World Health Organization (WHO) guidelines for measuring global progress in schistosomiasis control classify individuals with Schistosoma spp. infections based on the concentration of excreted eggs. We assessed the associations between WHO infection intensity categories and morbidity prevalence for selected S. haematobium and S. mansoni morbidities in school-age children.

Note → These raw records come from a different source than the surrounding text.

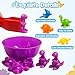 GKDOMS Counting Dinosaurs Toys Matching Game with Sorting Bowls Preschool Learning Activities Montessori Sensory Toys for Math Color Sorting Party Favors Birthday Gift for Toddlers - Image 4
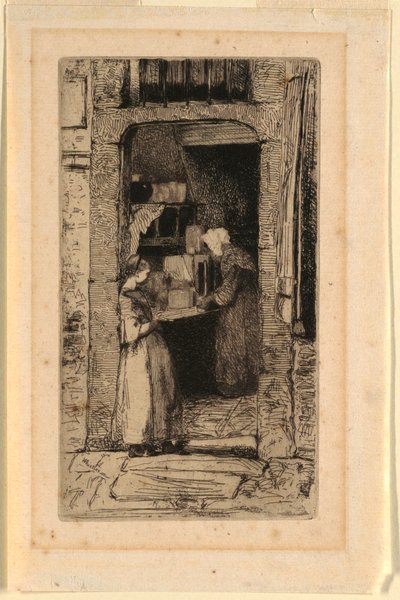 Prodejce hořčice od James Abbott McNeill Whistler
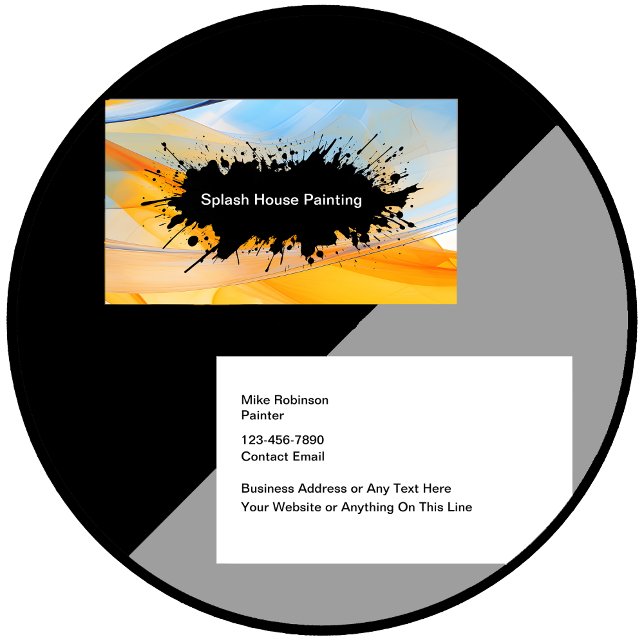 Affärskort för färgmålarfärg för hus visitkort (Skapare uppladdad)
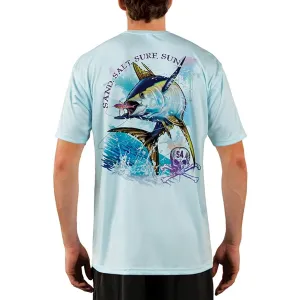 SAND.SALT.SURF.SUN. Tuna Men's UPF 50  UV Sun Protection Performance Short Sleeve T-Shirt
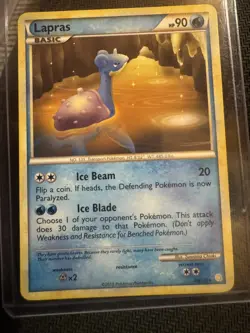 Lapras 24/123 Heartgold & Soulsilver Regular pokemon TCG - Image 1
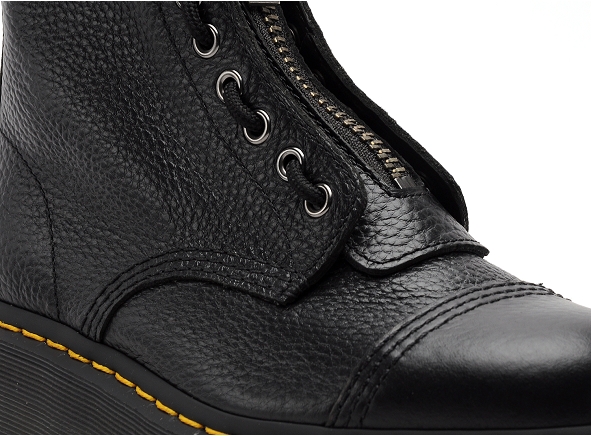 Dr martens boots bottine plates femme sinclair noir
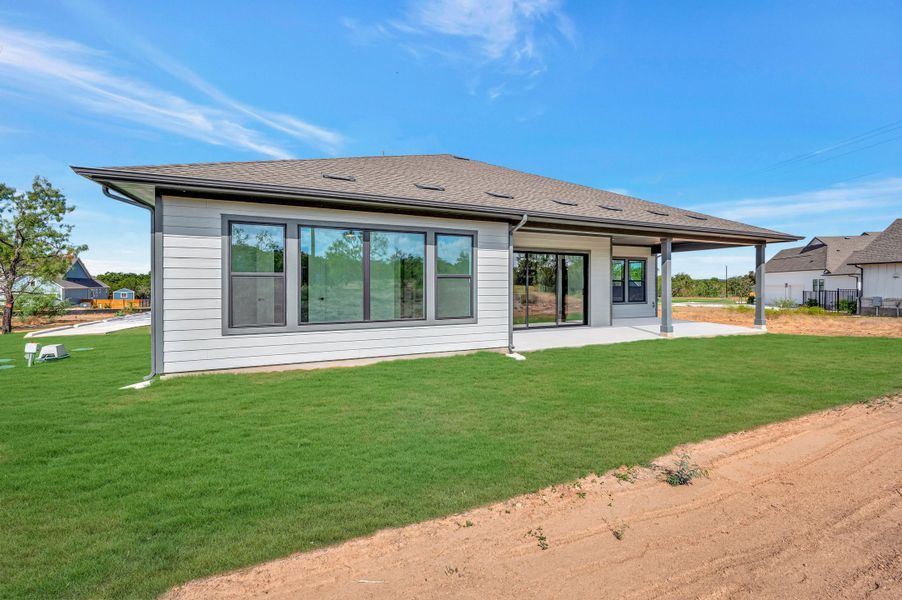 Exterior details and patio area of a home in Rees Landing Estates, Spicewood (Image 3).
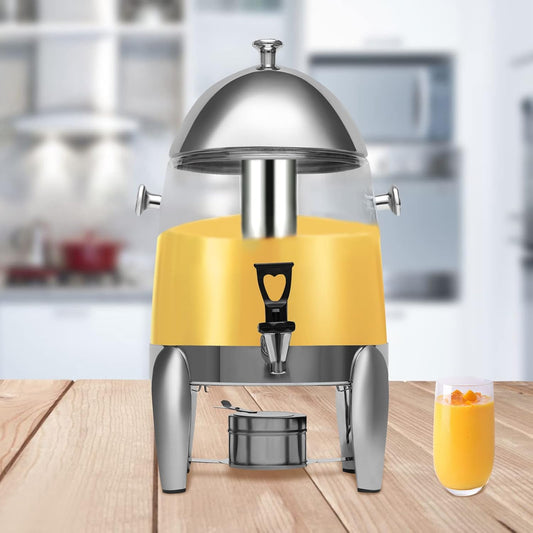 Hot Beverage Dispenser 12L Stainless Steel Coffee Urn and Hot Electric Machine Drink Dispenser Clear Container 3.2 Gallon with Ice Container for Parties Restaurants (12L|Transparent style)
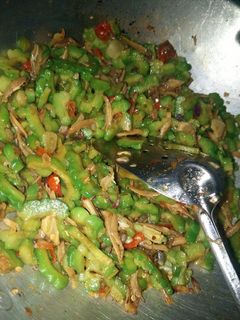 Foto resep Oseng pare teri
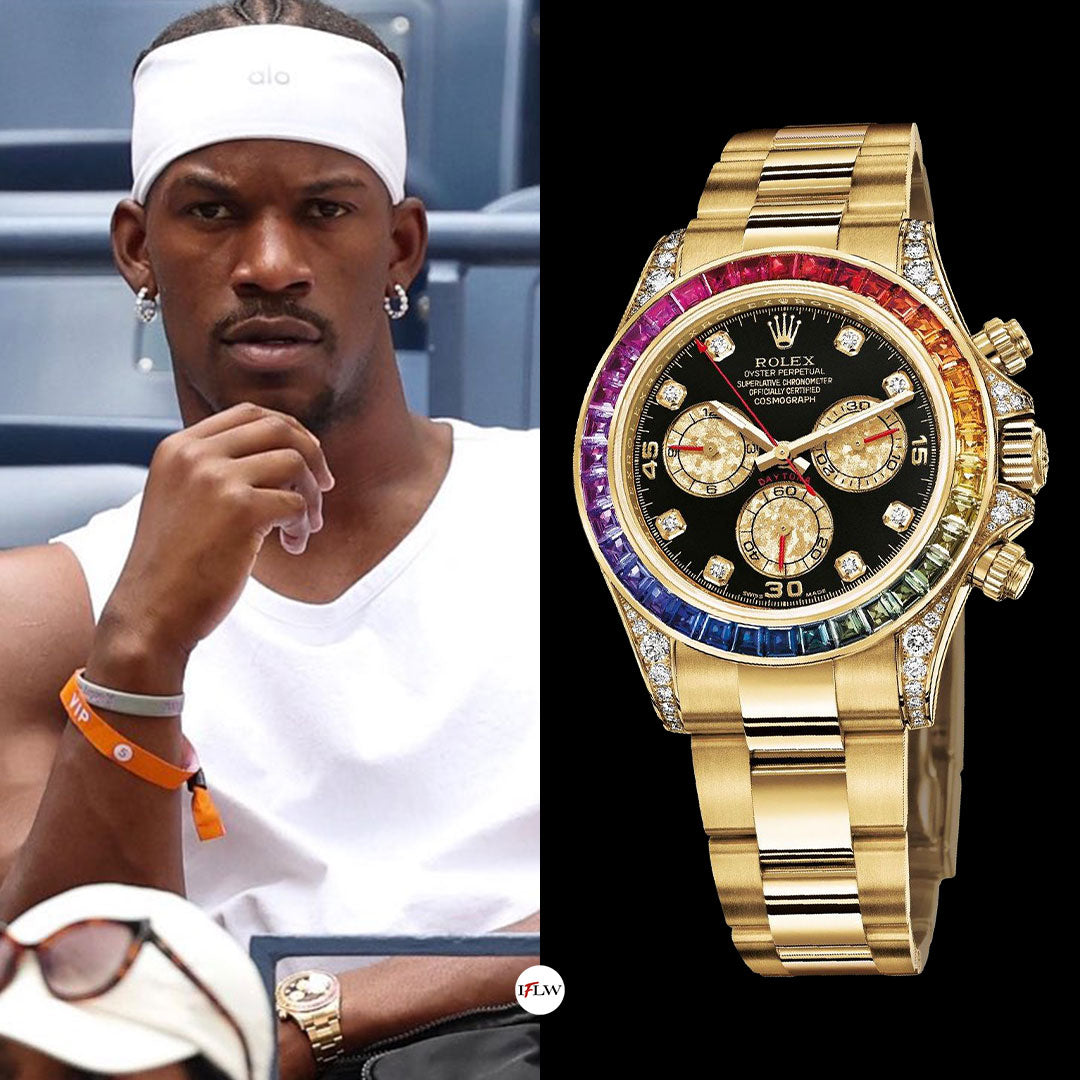 GQ Magazine on X: The Rolex Daytona Rainbow in rose gold has been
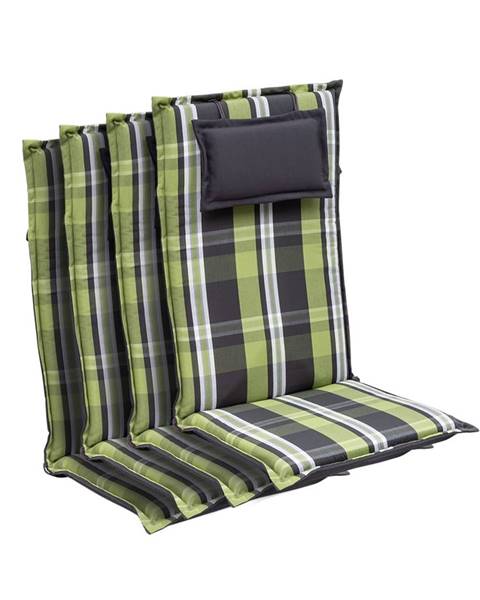 Blumfeldt Donau, polstry, polstry na židli, vysoké opěradlo, zahradní židle, polyester 50 x 120 x 6 cm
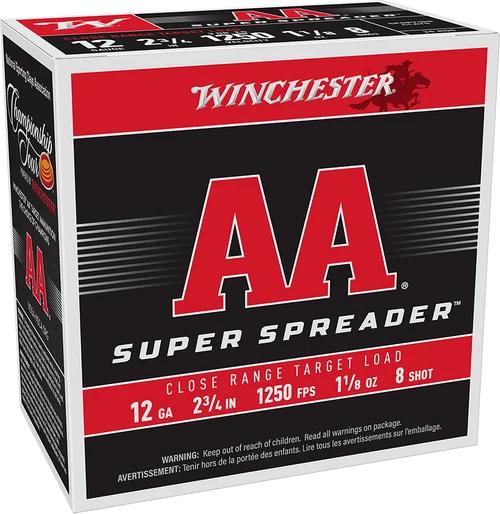 Winchester AA Super Spreader 12 Gauge 2.75" 1 1/8oz 25 Per Box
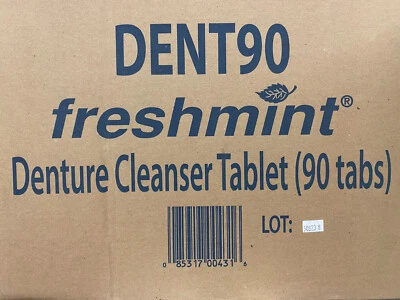 1 Case/2160 Freshmint DENT90 Denture Cleanser Tablet (90 Tabs Per Box) - Image 1 of 4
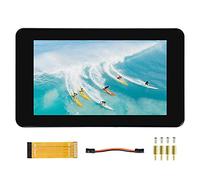 Waveshare Pantalla Táctil LCD DSI de 7 Pulgadas para Raspberry Pi 4B/3B+/3 CM4/CM3+, 1024 × 600 IPS Pantalla Táctil Capacitiva Compatible con Raspbian, Táctil de 5 Puntos, Requiere Controlador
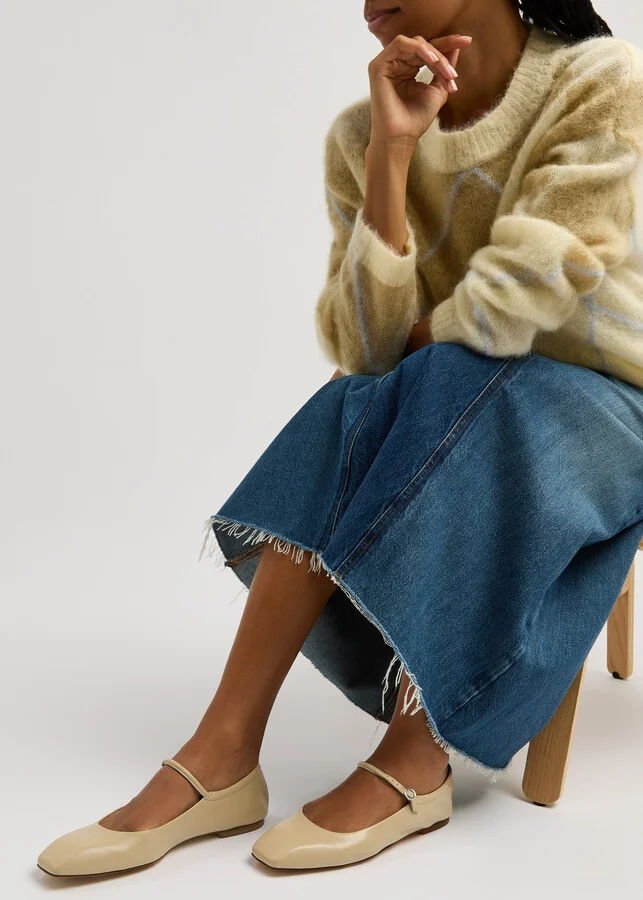 Aeyde Uma Leather Ballet Flats - Image 5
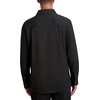 image:imageKARL LAGERFELD Mens Side Buttons Chest Pocket Long Sleeve TopBlack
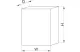 TRACON TFE606025 Fém elosztószekrény, acél, szürke H×W×D=600×600×250mm, IP55
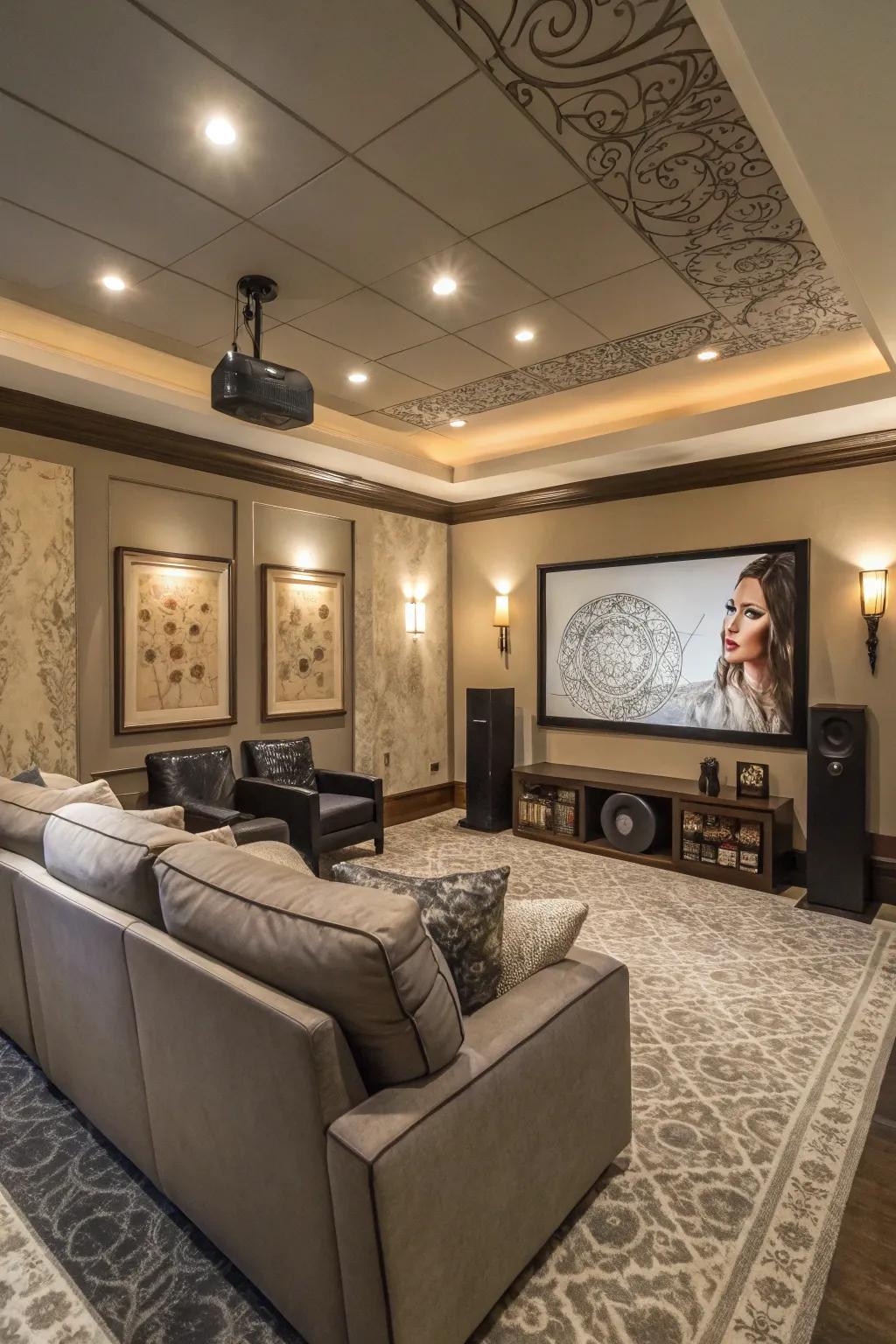 Immerse yourself in sound with a premium audio setup.
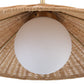 Phuvinh - 1 Light Rattan Shade Pendant - Beige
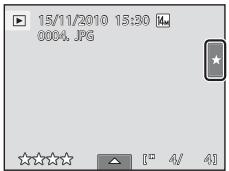 NIKON COOLPIX S1100PJ - Playing Back Pictures by Rating - 1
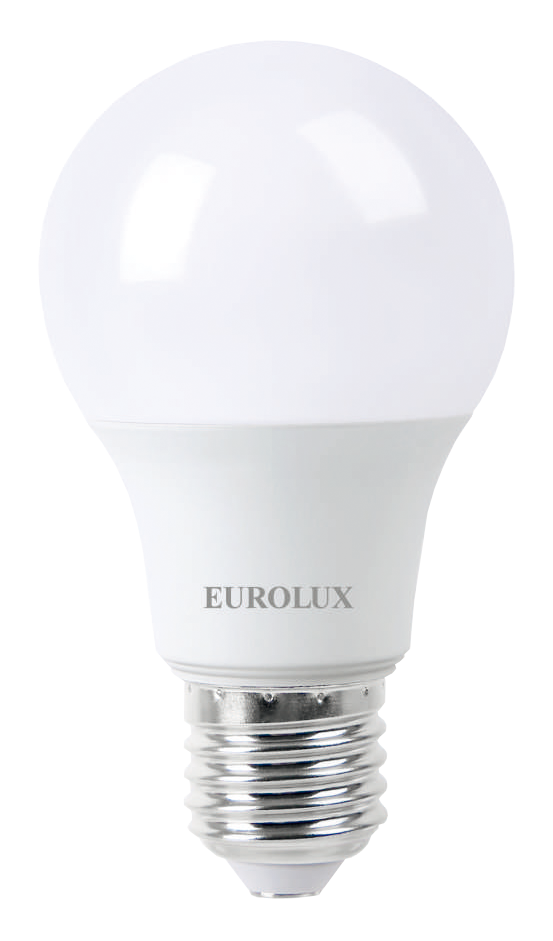 картинка Лампа светодиодная LL-E-A60-11W-230-6K-E27 (груша, 11Вт, холод., Е27) Eurolux магазина Мастер Дом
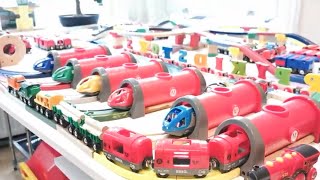 Brio 6 Subway tunnel Chuggington Thomas Tank Engine Train educational Train Videos Toy Vehicles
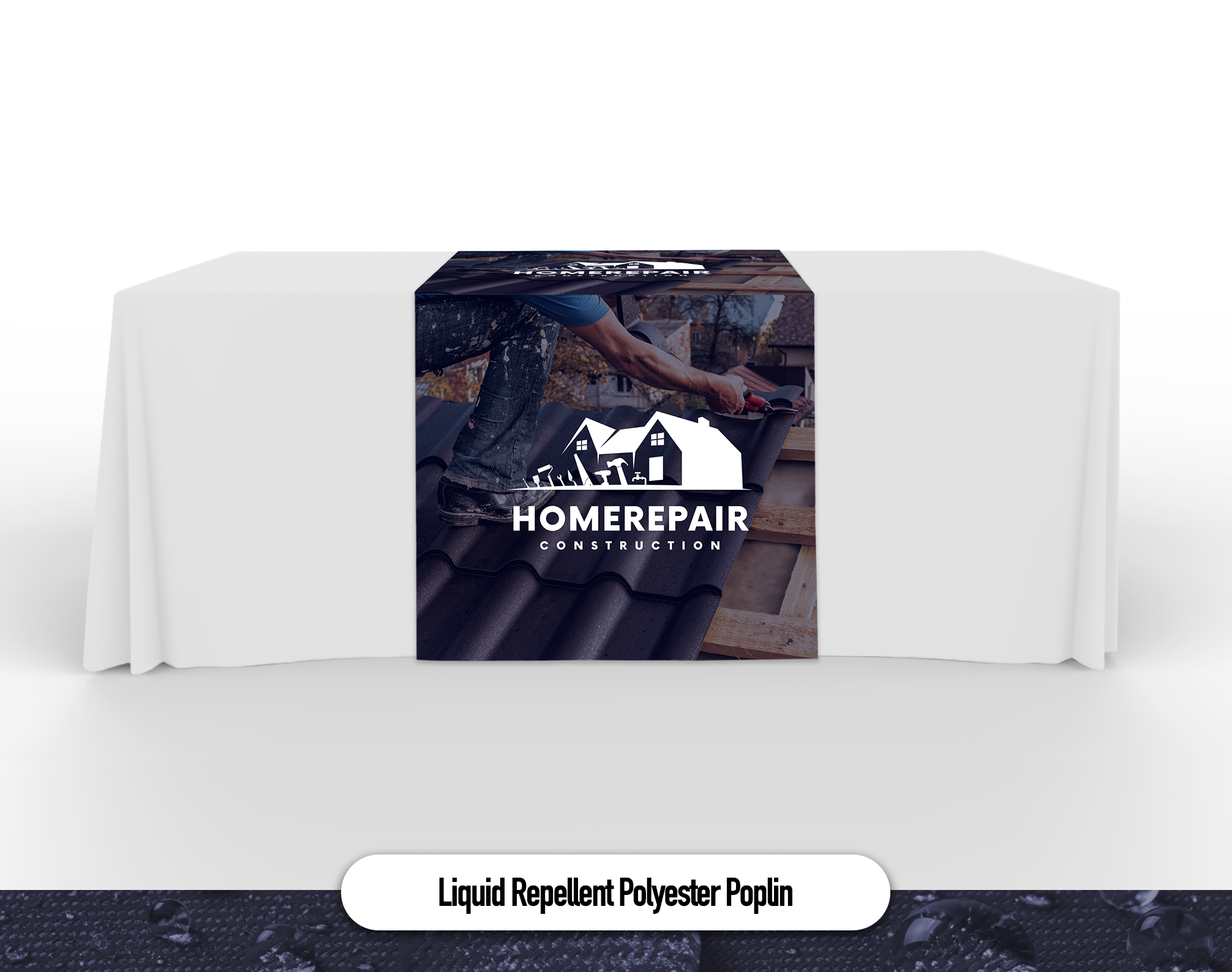 30" x 90” Liquid Repellent Table Runner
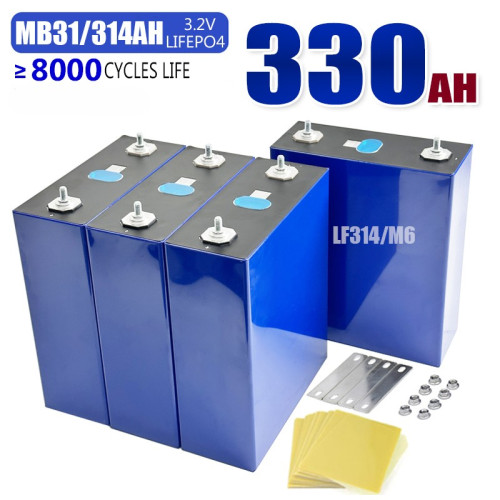Акумулаторна клетка LiFePO4 3.2V 314Ah за батерии и енергийни системи Акумулаторна клетка LiFePO4 3.2V 314Ah за батерии и енергийни системи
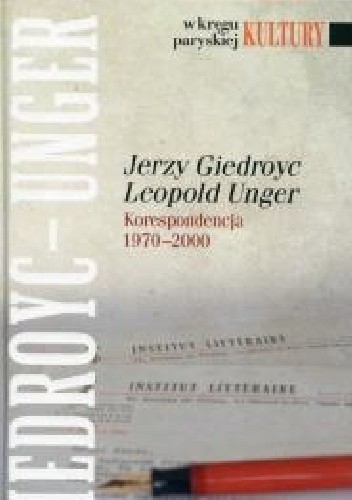 Korespondencja 1970-2000 - Jerzy Giedroyć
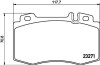 Комплект тормозных колодок, дисковый механизм HELLA 8DB355008691 (фото 2)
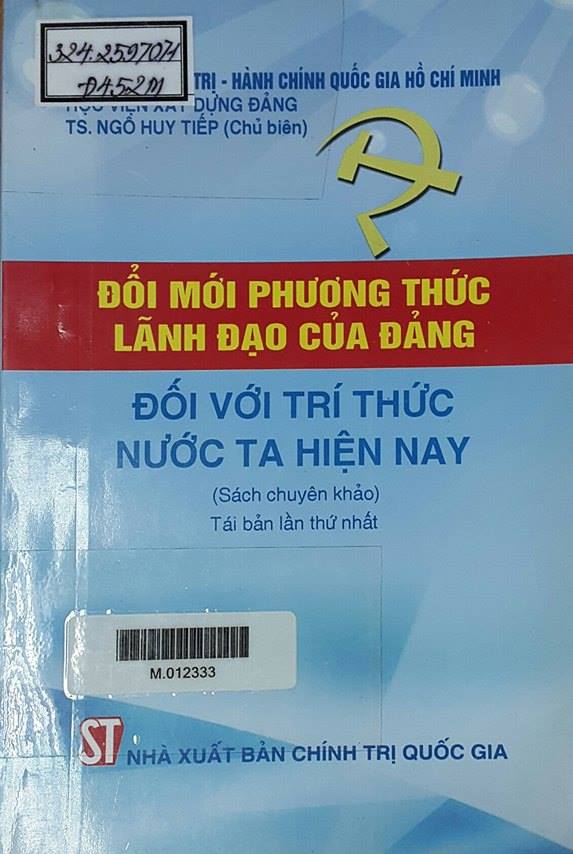 Đổi mới phương thức lãnh đạo của Đảng đối với trí thức nước ta hiện nay.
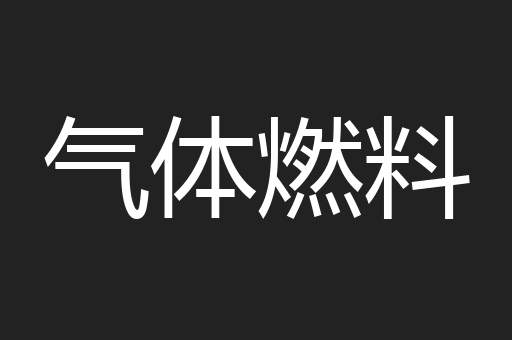 气体燃料
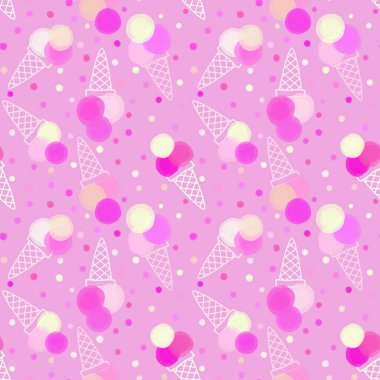 Kağıt, kumaş, çarşaf, çocuk giysisi baskısı ve yeni yıl partisi aksesuarları için kusursuz Noel dondurması deseni. Yüksek kaliteli illüstrasyon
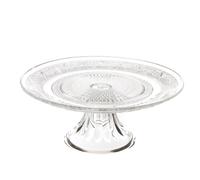 Secret de Gourmet – Plat à gâteau sur pied Renaissance 29 cm Transparent G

A total of 22,488 children aged 6–15 years from monitoring and evaluation cohorts in Burkina Faso, Mali, Niger, Uganda, Tanzania, and Zambia from 2003–2008 were analyzed using Bayesian logistic regression. Models were utilized to evaluate associations between intensity categories and the prevalence of any urinary bladder lesion, any upper urinary tract lesion, microhematuria, and pain while urinating (for S. haematobium) and irregular hepatic ultrasound image pattern (C-F), enlarged portal vein, laboratory-confirmed diarrhea, and self-reported diarrhea (for S. mansoni) across participants with infection and morbidity data.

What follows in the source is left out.